EXERCISE OBJECTIVE —
Everything in the data except the pictures belongs in your answer, copied exactly.

RAW DATA —

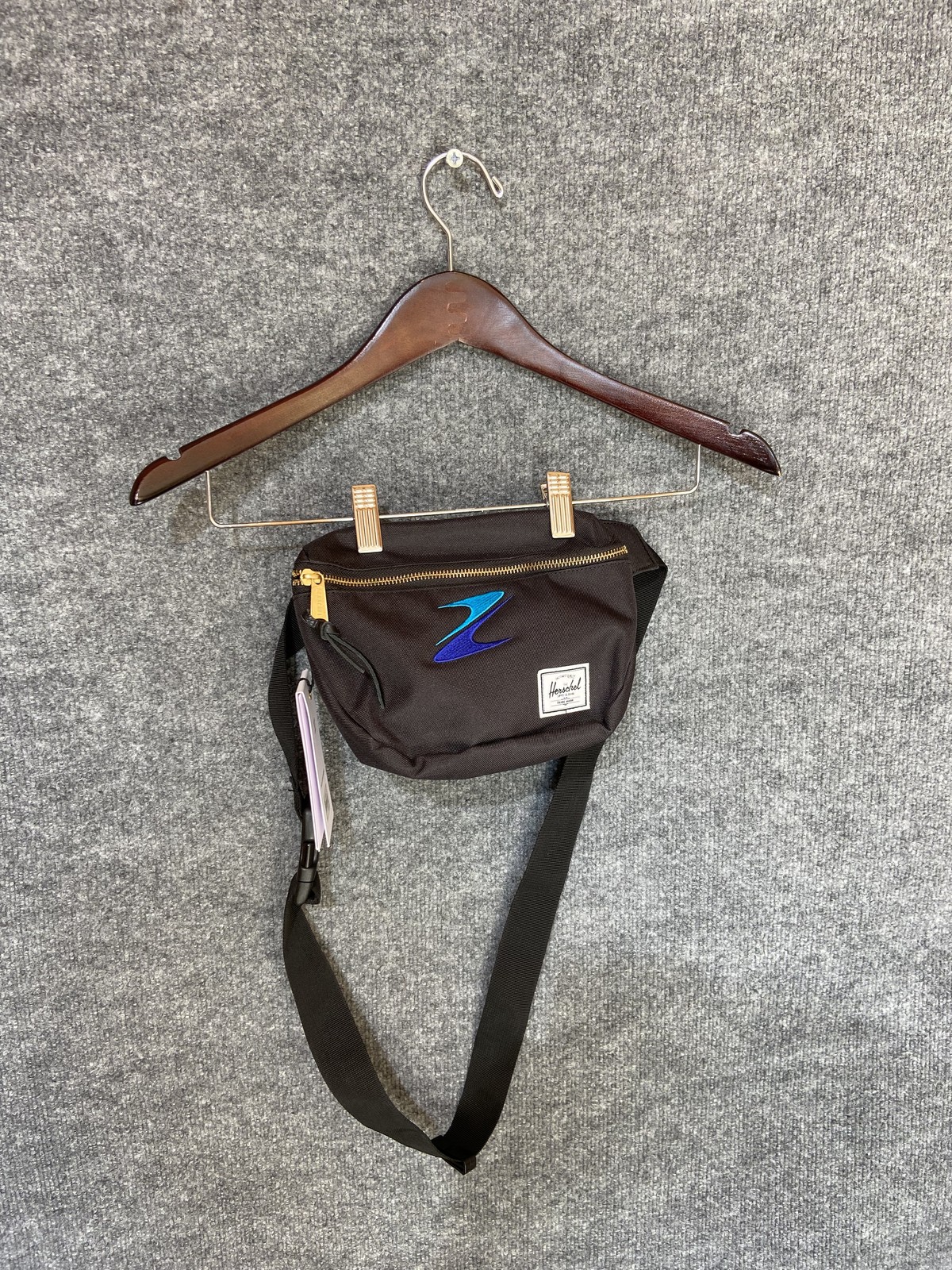 Herschel Fifteen Waist Bag Crossbody 2L Gold Zipper Strap New Fanny Pack Belt Ba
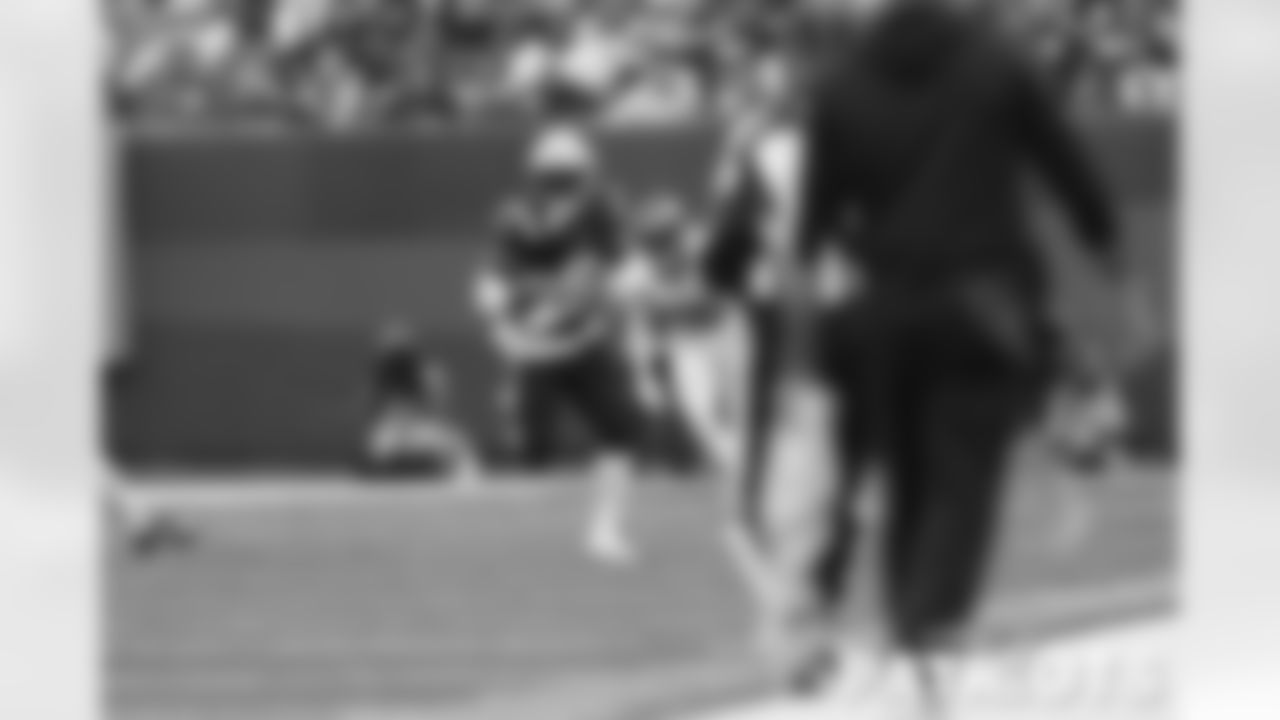 Patriots defensive back Jabrill Peppers (5).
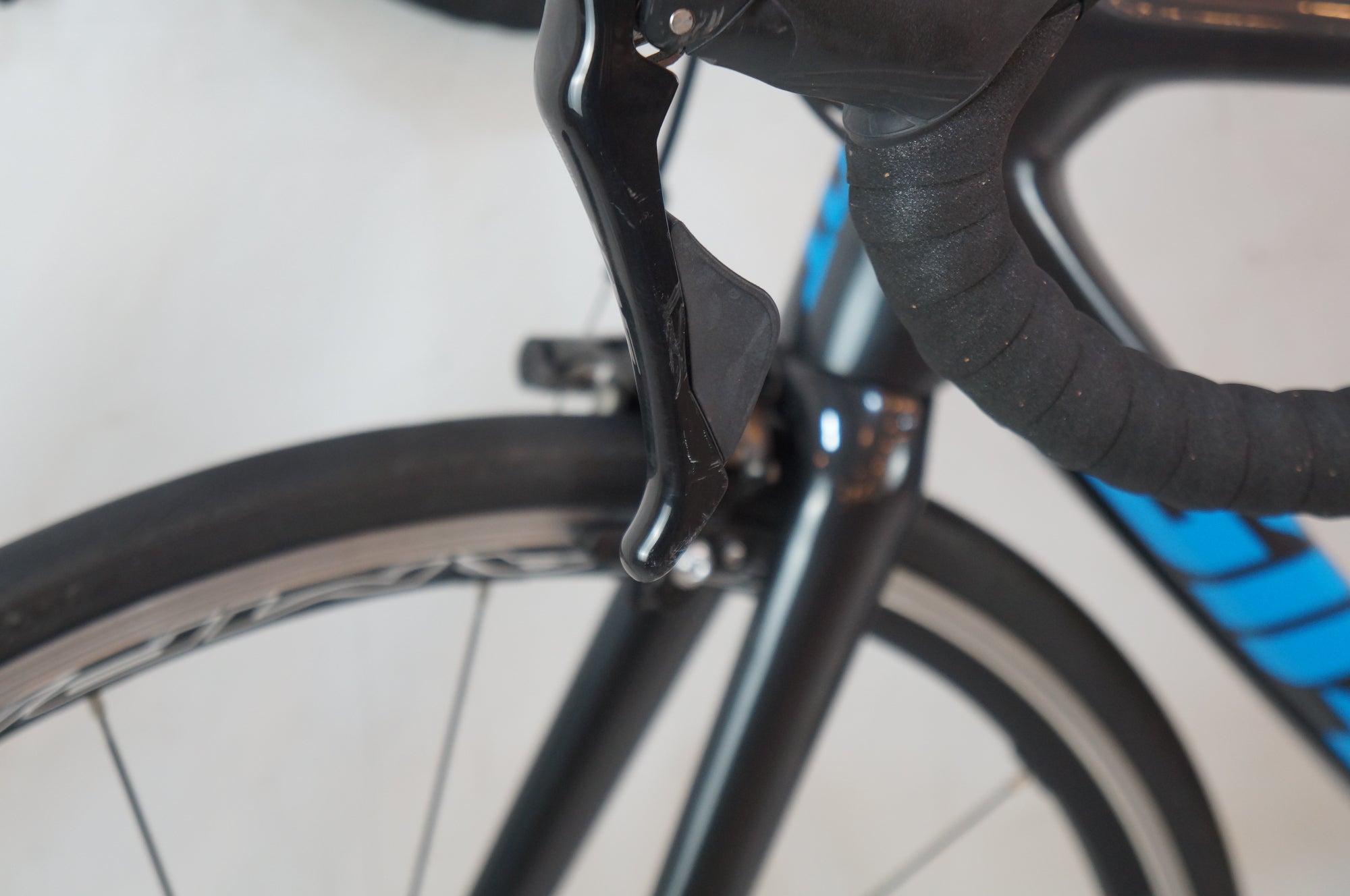 GIANT 「ジャイアント」 TCR ADVANCED2 KOM 2020年モデル ロードバイク / バイチャリ浦和ベース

ANSWER SECTION —
 Herschel Fifteen Waist Bag Crossbody 2L Gold Zipper Strap New Fanny Pack Belt Ba
 Patriots defensive back Jabrill Peppers (5).
 GIANT 「ジャイアント」 TCR ADVANCED2 KOM 2020年モデル ロードバイク / バイチャリ浦和ベース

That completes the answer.